> Task prompt: Beneath this line are the data; copy exactly the part of them that opens with the line containing "strawberry shortbread cake 1" and closes with the line containing "2043 Meade St — Photo 8", and only that part.

BEGIN The input

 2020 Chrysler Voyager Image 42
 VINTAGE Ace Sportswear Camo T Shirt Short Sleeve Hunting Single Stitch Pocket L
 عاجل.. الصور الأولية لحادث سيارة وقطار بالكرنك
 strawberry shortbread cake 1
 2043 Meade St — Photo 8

END The input
BEGIN The input

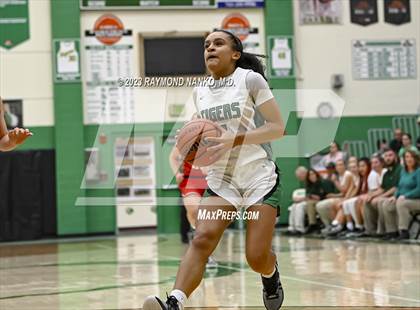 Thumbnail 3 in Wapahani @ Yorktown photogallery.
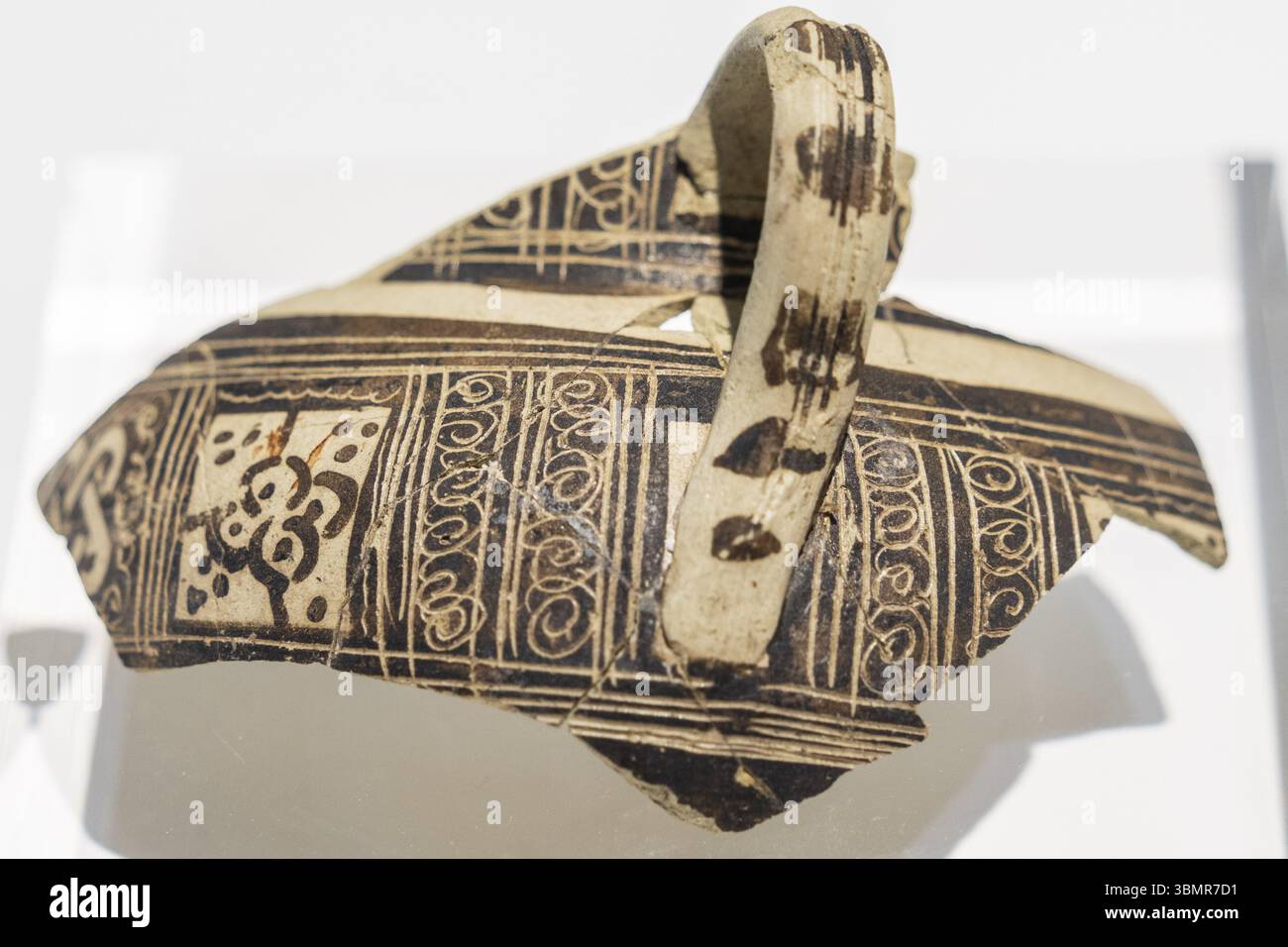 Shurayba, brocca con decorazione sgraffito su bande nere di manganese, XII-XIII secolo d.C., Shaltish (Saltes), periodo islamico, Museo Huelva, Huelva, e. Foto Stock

END The input

> Solution to the problem:
 strawberry shortbread cake 1
 2043 Meade St — Photo 8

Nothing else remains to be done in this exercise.